### TASK OBJECTIVE
Find the line that contains "How to Repressurise"; then retype it and each line after it, exactly, through the final line of the data below.
§ §
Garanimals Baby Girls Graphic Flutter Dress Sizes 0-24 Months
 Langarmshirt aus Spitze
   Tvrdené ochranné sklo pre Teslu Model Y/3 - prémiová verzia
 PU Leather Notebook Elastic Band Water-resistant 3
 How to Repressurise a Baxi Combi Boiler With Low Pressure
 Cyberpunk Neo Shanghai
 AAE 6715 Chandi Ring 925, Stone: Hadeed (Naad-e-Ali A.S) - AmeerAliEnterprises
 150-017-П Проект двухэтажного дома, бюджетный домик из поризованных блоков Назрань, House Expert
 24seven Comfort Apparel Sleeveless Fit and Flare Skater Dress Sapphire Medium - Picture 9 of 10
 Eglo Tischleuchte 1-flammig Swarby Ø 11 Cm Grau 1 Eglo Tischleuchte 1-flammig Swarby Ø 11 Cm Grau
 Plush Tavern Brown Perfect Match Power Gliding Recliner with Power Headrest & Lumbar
§ §
### ANSWER FOR THIS EXERCISE
 How to Repressurise a Baxi Combi Boiler With Low Pressure
 Cyberpunk Neo Shanghai
 AAE 6715 Chandi Ring 925, Stone: Hadeed (Naad-e-Ali A.S) - AmeerAliEnterprises
 150-017-П Проект двухэтажного дома, бюджетный домик из поризованных блоков Назрань, House Expert
 24seven Comfort Apparel Sleeveless Fit and Flare Skater Dress Sapphire Medium - Picture 9 of 10
 Eglo Tischleuchte 1-flammig Swarby Ø 11 Cm Grau 1 Eglo Tischleuchte 1-flammig Swarby Ø 11 Cm Grau
 Plush Tavern Brown Perfect Match Power Gliding Recliner with Power Headrest & Lumbar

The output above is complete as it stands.